Si la disuasión se logra más eficazmente asegurando la detección del delito que endureciendo las sanciones, la utilización de mecanismos de enforcement como los premios a los chivatos, los programas de clemencia y, en general, la concesión de beneficios a las empresas arrepentidas y con propósito de enmienda parece especialmente justificada pero no se justifica que las potenciales sanciones no sean draconianas. Las empresas deben saber que la confesión es una opción y que la otra es la detección y la destrucción total.
Cuando la confesión es una opción y el compliance una obligación para las empresas, las autoridades públicas no necesitan esperar a que se revelen los daños de las conductas fraudulentas. Les basta con poner a las empresas delante de los indicios que sugieren que algo grave puede estar pasando. Parafraseando el ejemplo del autor respecto a los préstamos hipotecarios en los EE.UU., cuya escalada y características hacían presumir un elevado nivel de fraude en su concesión, si el Banco de España hubiera pedido a las cajas de ahorro en los primeros años de este siglo la justificación del enorme incremento en el volumen de créditos hipotecarios concedidos por algunas de ellas y la explicación de los incentivos que se proporcionaban a los directores de sucursal para concederlos y de los sistemas de control de riesgo puestos en marcha por la entidad, nos habríamos ahorrado algunos miles de millones de euros en su salvamento.
Es más, el enforcement privado puede inducir a los políticos a poner más medios en la represión del fraude de los que desearían si han sido capturados por las grandes empresas, ya que la iniciación de los procedimientos no depende en exclusiva del organismo público sino de la decisión de los particulares. Por el contrario, sanciones desproporcionadamente elevadas, como saben bien los criminólogos, pueden inducir a la comisión del delito en lugar de disuadir o pueden conducir a las empresas a “hacerla más gorda” para evitar ser destruidos si el fraude se revela.
Braithwaite propone, además, la publicación del informe correspondiente de manera que la reputación pueda ejercer sus efectos benéficos.
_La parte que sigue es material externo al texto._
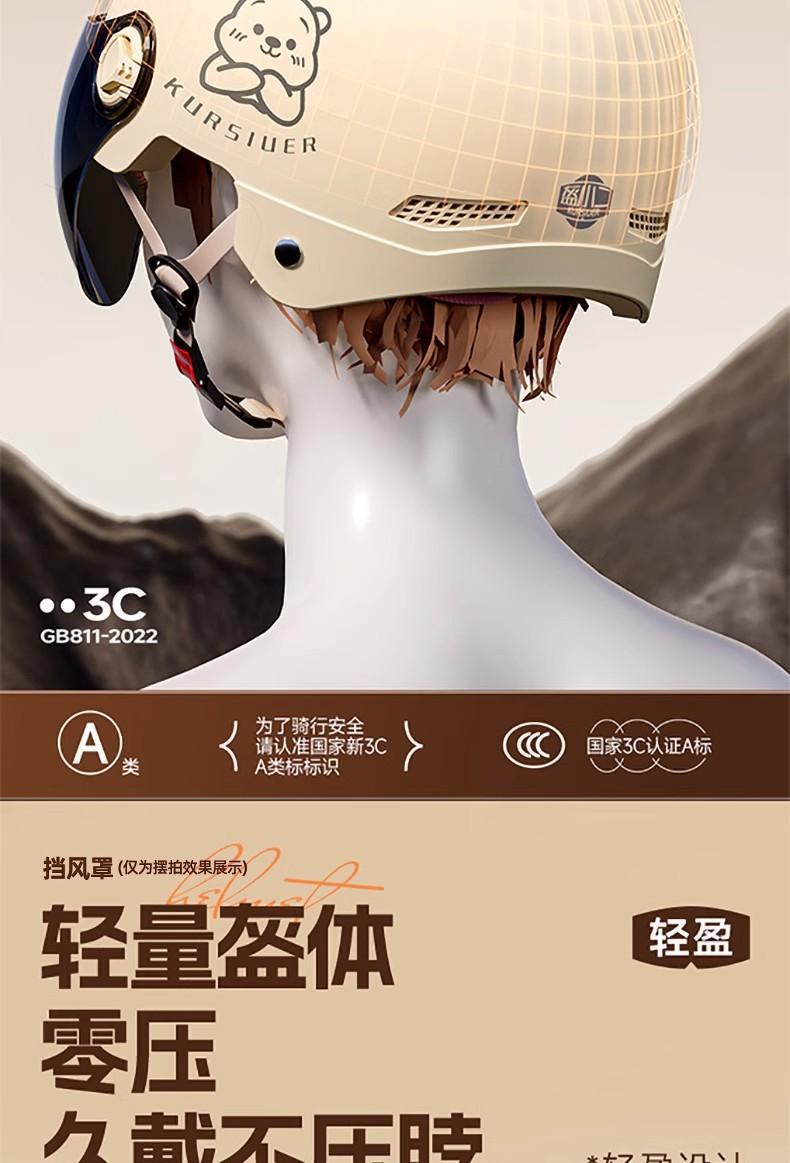 Helmet for Summer Electric Vehicle and Motorcycle Use, Unisex, Sun Protection, Breathable, Cute Half Helmet for Outdoor Riding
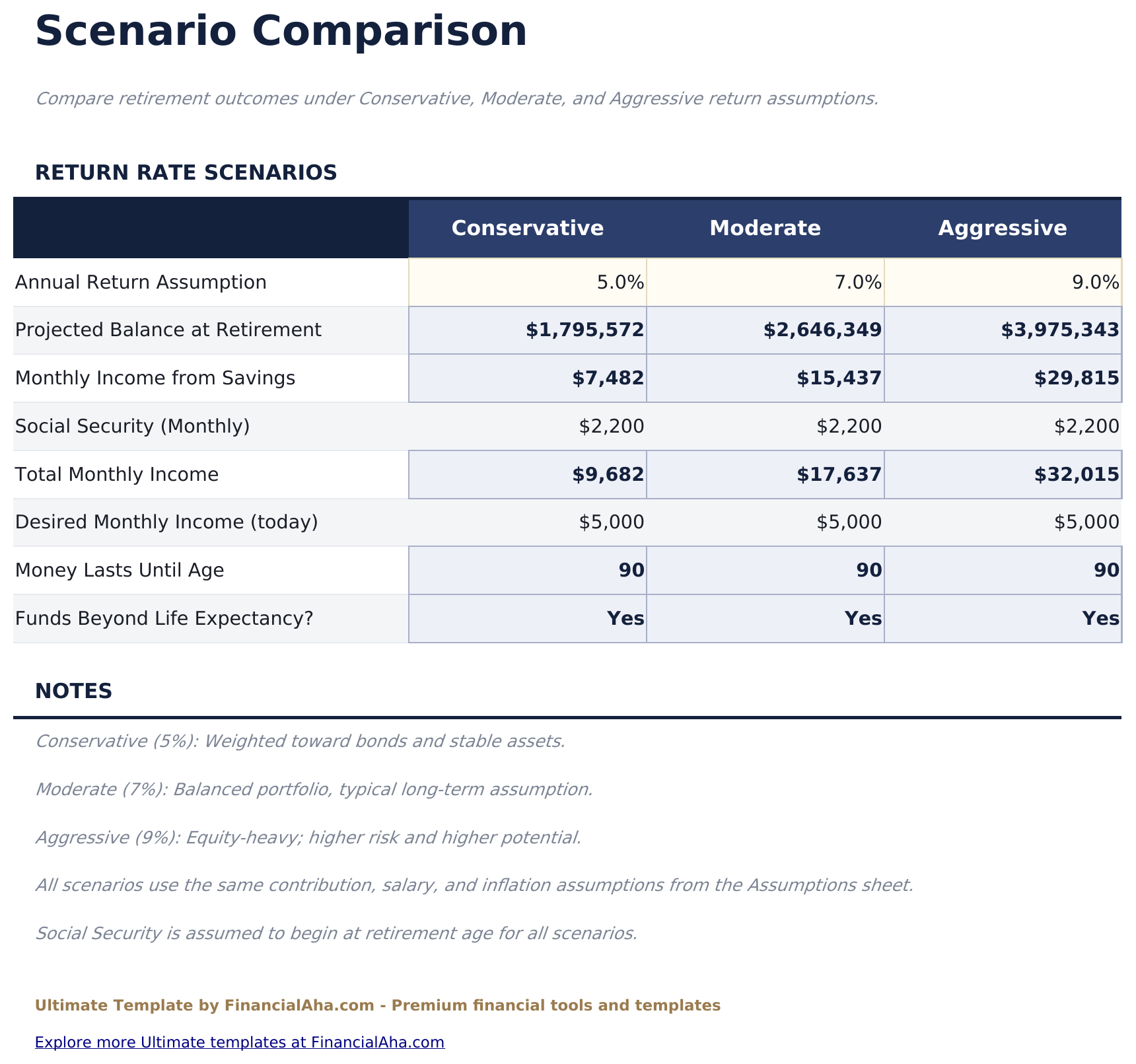 Retirement Calculator Ultimate - Scenario Comparison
Como las empresas que peor cumplen las reglas son empresas más arriesgadas para invertir, el mercado puede obtener valiosa información para preciar las acciones de una compañía si accede a la información relevante sobre el grado de cumplimiento normativo de la empresa.
Es inevitable sacar alguna lección respecto a lo ocurrido con las Cajas de Ahorro en nuestro país. Dado que los políticos carecen absolutamente de incentivos para indagar sobre lo sucedido, sacar a la luz todas las prácticas corruptas desarrolladas en el seno de muchas de las Cajas y extraer las lecciones para que, en el futuro, no vuelvan a repetirse, nos tendremos que conformar con algunas condenas penales que se producirán dentro de muchos años. No tendremos nunca un informe como el que siguió a la quiebra de Lehman Brothers. Es lo que tiene el capitalismo nepotista o “realmente existente”.